Dieu utilise des hommes et des femmes imparfaits pour accomplir son plan parfait. Il a tenu sa promesse et il a été bon envers Abraham malgré ses erreurs. C’est l’Évangile, c’est la grâce. Dieu n’attend pas que nous méritions son amour pour nous aimer. Il nous aime comme ses enfants malgré nos imperfections. Cela dit, ce n’est pas une excuse pour continuer nos erreurs.

Abraham est invité à la gratitude et à la l’humilité. Troisièmement, il est invité à changer.

[3. Le changement]

Abimelec demande à Abraham de ne plus le tromper comme il l’a fait auparavant. Il était un mauvais témoin du Dieu bon, mais il est invité à devenir plus honnête, plus digne de confiance.  L’Évangile, c’est la grâce. Dieu nous pardonne, nous aime et nous béni alors que nous ne le méritons pas. Mais ce n’est pas une raison pour continuer de vivre comme bon nous semble.

Parfois, j’entends des gens auto justifier leur caractère irrespectueux. Ils se permettent de dire des remarques déplacées, sans prendre en compte que cela peut blesser des gens. Et quand on leur fait remarquer ils disent : « ah oui mais moi je suis franc, je dis ce que je pense ». Il y a là une grande confusion sur ce qu’est être franc. Être franc ce n’est pas être impertinent. Ce n’est pas non plus dire tout ce que l’on pense, mais c’est penser ce qu’on dit. Et cela n’empêche pas de dire les choses avec douceur et respect.

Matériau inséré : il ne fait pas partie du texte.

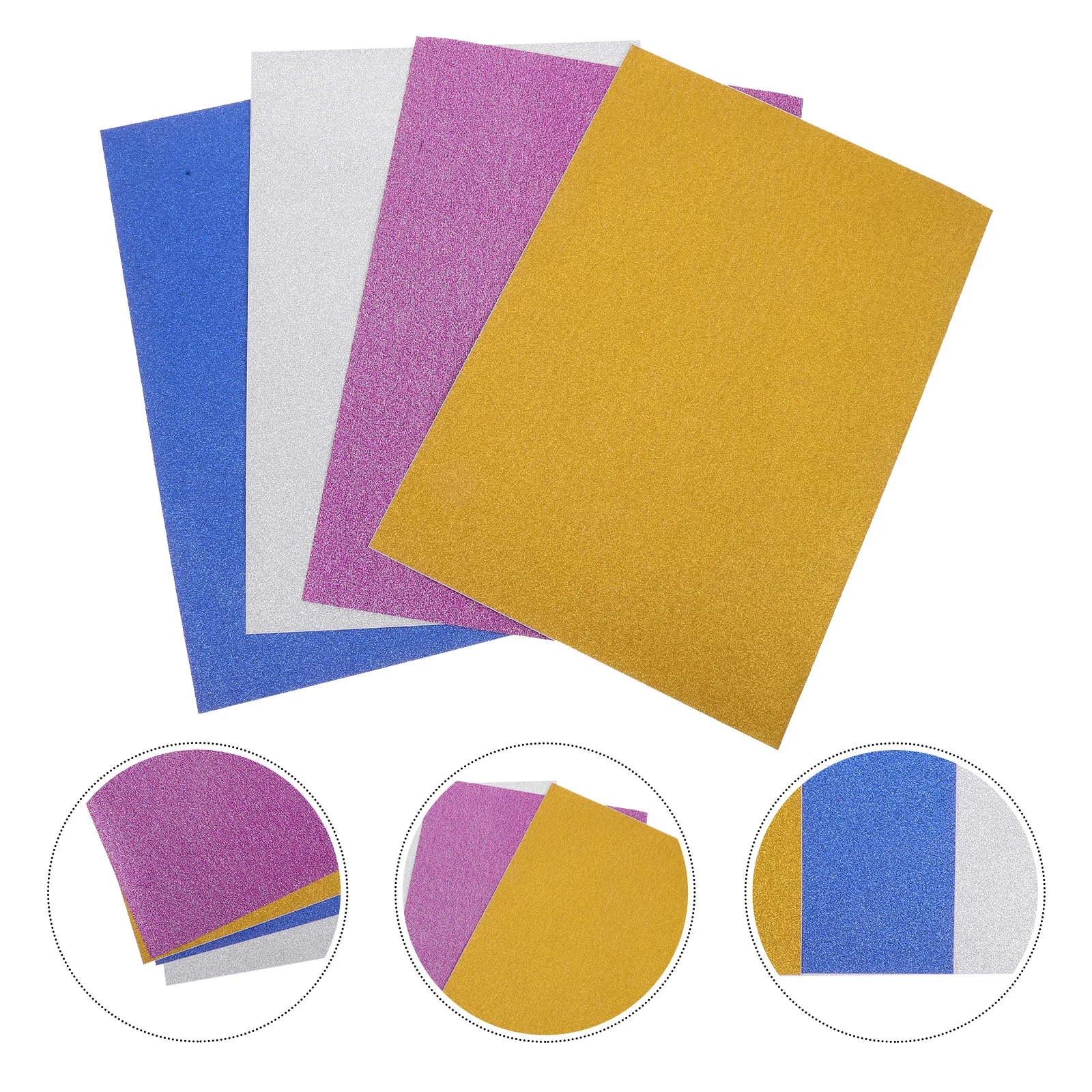 40pcs Glitter Cardstock Paper Sparkle Craft Paper For Diy Greeting Cards Scrapbook Thick Colored Craft Material Multi-Use Card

Ou alors, quand on met en avant un de nos défauts, certaines personnes disent : je suis comme ça il faut l’accepter. C’est aux autres de se faire à eux, mais eux ne sont pas prêts de changer. Ce n’est pas une attitude ouverte, mais plutôt centrée sur soi.

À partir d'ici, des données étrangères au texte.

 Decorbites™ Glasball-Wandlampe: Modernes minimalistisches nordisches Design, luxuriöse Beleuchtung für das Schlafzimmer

On entend aussi parler de « péchés mignons ». Mais le péché n’a rien de mignon. Aucun péché n’est anodin, au contraire, ça peut faire l’effet d’un levain qui se répand et qui contamine toute la pâte.

Parfois, des personnes ont aussi tendance à faire intervenir l’amour de Dieu pour se justifier. J’ai fait quelque chose de regrettable, mais de toute façon Dieu m’aime quand même.

Toutes ces attitudes vont à l’encontre de la grâce. La grâce n’est pas un joker qui nous permet de continuer à vivre comme bon nous semble. La grâce nous est offerte au prix de la vie de Jésus, elle n’est pas à prendre à la légère. La grâce nous invite à changer.

Abraham bénéficie de la bonté de Dieu, mais ce n’est pas une raison pour continuer de tromper les autres. Il est invité à changer pour être un témoin de Dieu digne de confiance. Sommes-nous des témoins de Dieu crédibles ? Reflétons-nous la bonté de Dieu ? Reflétons-nous sa patience, sa douceur et sa bienveillance ? Grâce à Abimelec, Dieu veut apprendre à Abraham la gratitude, l’humilité, le changement et quatrièmement, la confiance.

[4. La confiance]

En arrivant dans le pays d’Abilémec, Abraham avait peur que personne ne craigne Dieu. C’est notamment pour cela qu’il faisait passer sa femme pour sa sœur. Ici, Abimelec témoigne d’une grande crainte pour Dieu. C’est d’ailleurs pour cela qu’il souhaite faire alliance avec lui. Finalement les inquiétudes d’Abraham étaient injustifiées. Il a passé 25 ans de sa vie à vivre dans la peur.

Non seulement Abimelec n’avait pas l’intention de le tuer pour prendre sa femme, mais en plus, il ne lui prendrait même pas un puits situé sur ses propres terres. Dieu est en train de montrer à Abraham que la plupart de ses craintes étaient injustifiées. En tant qu’enfant de Dieu, il n’a pas à vivre dans la peur, mais dans la confiance.

Je pense que nos craintes à nous aussi sont souvent injustifiées. La crainte vis-à-vis de notre avenir ou celle de l’Église. Dieu nous invite à avoir foi en sa protection et en son action. Il intervient en temps voulu, toujours au bon moment.

[Conclusion]

Pour conclure, je pense que cette rencontre avec Abimelec a dû faire réfléchir Abraham et nous devrions nous aussi nous remettre en question. Gratitude, humilité, changement, confiance. Dieu a accompagné Abraham petit à petit, avec patience, afin qu’il progresse dans sa foi.

C’est le cas pour nous aussi :

  • Dieu souhaite que nous apprenions à être reconnaissants même dans l’épreuve.
  • Il veut nous faire prendre conscience que son Église grandit par sa grâce et non pas parce que nous sommes des témoins exemplaires de son amour.
  • Il nous invite à changer pour lui ressembler.
  • Enfin, il nous invite à exercer notre foi. Ne craignons rien, car le Seigneur est avec nous.